◆ **Your instructions**
Transcribe the listing exactly, so that nothing but the pictures is missing.

━━━ Raw data ━━━

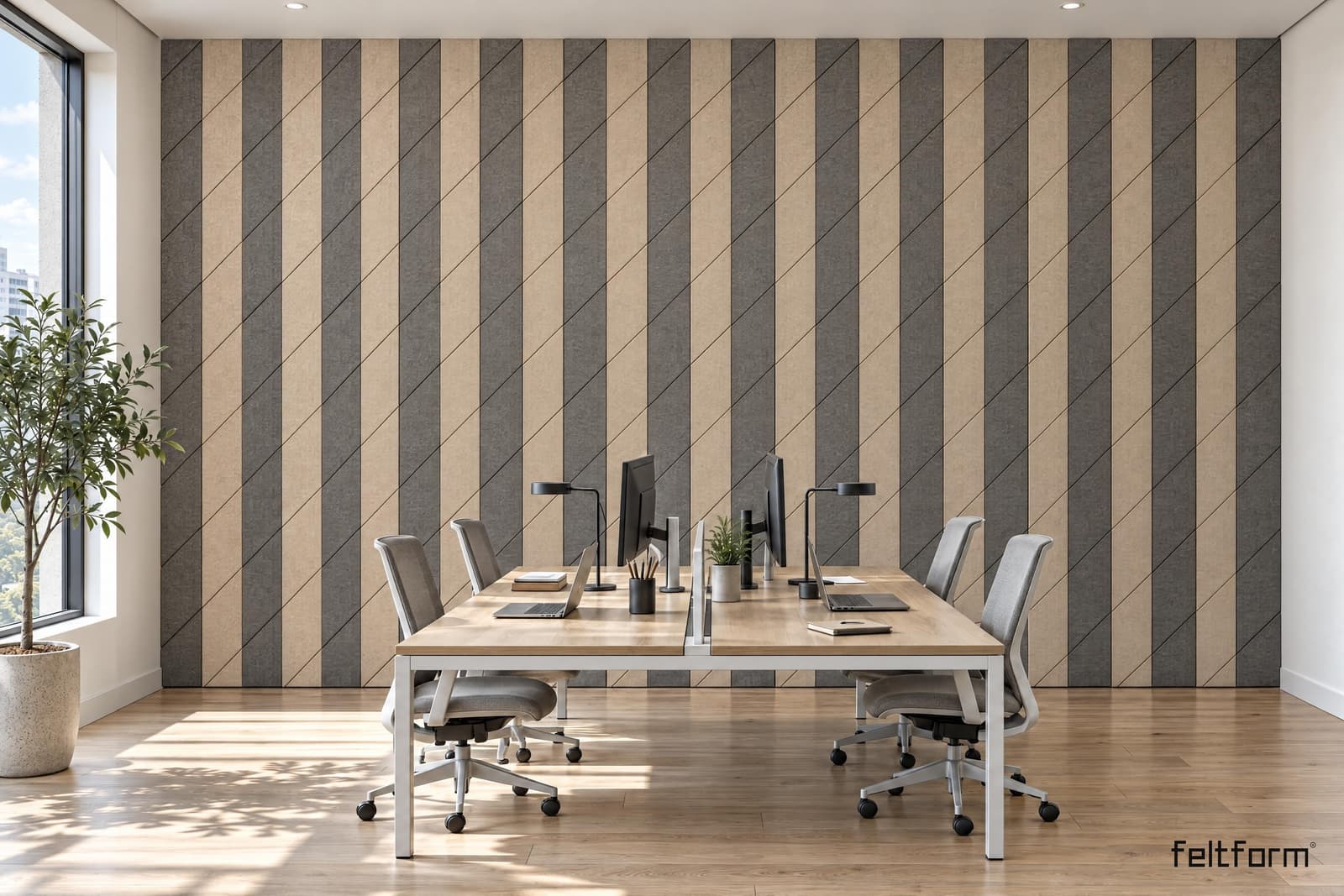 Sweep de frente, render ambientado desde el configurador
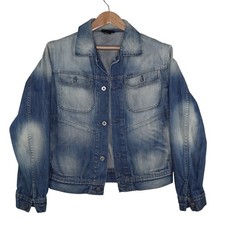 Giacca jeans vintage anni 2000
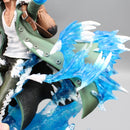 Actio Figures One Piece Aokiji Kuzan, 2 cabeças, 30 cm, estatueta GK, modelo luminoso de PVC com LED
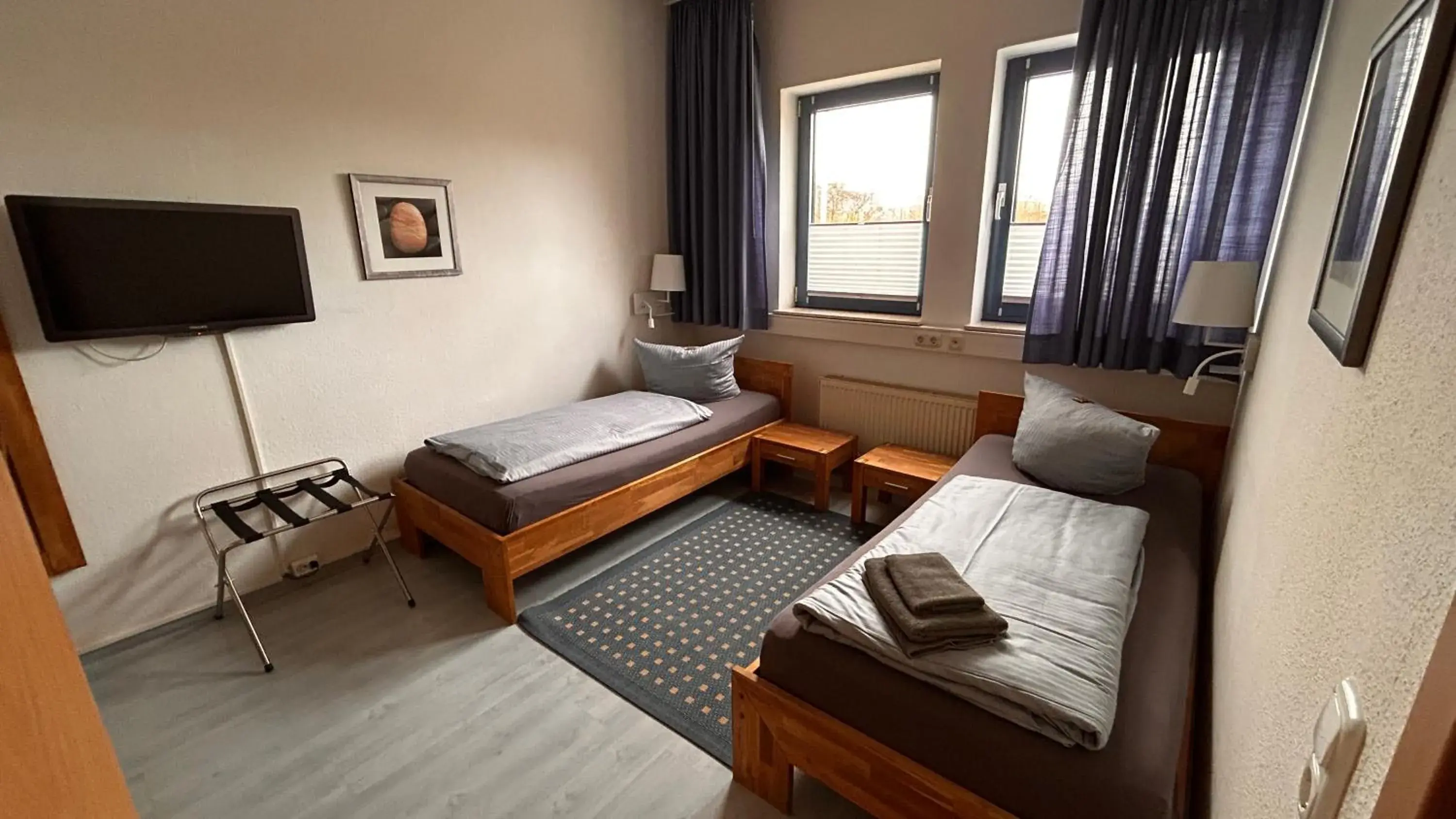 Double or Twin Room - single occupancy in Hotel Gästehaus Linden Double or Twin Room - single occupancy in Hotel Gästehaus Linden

━━━

◆ **Answer section**
 Sweep de frente, render ambientado desde el configurador
 Giacca jeans vintage anni 2000
 Actio Figures One Piece Aokiji Kuzan, 2 cabeças, 30 cm, estatueta GK, modelo luminoso de PVC com LED
 Double or Twin Room - single occupancy in Hotel Gästehaus Linden Double or Twin Room - single occupancy in Hotel Gästehaus Linden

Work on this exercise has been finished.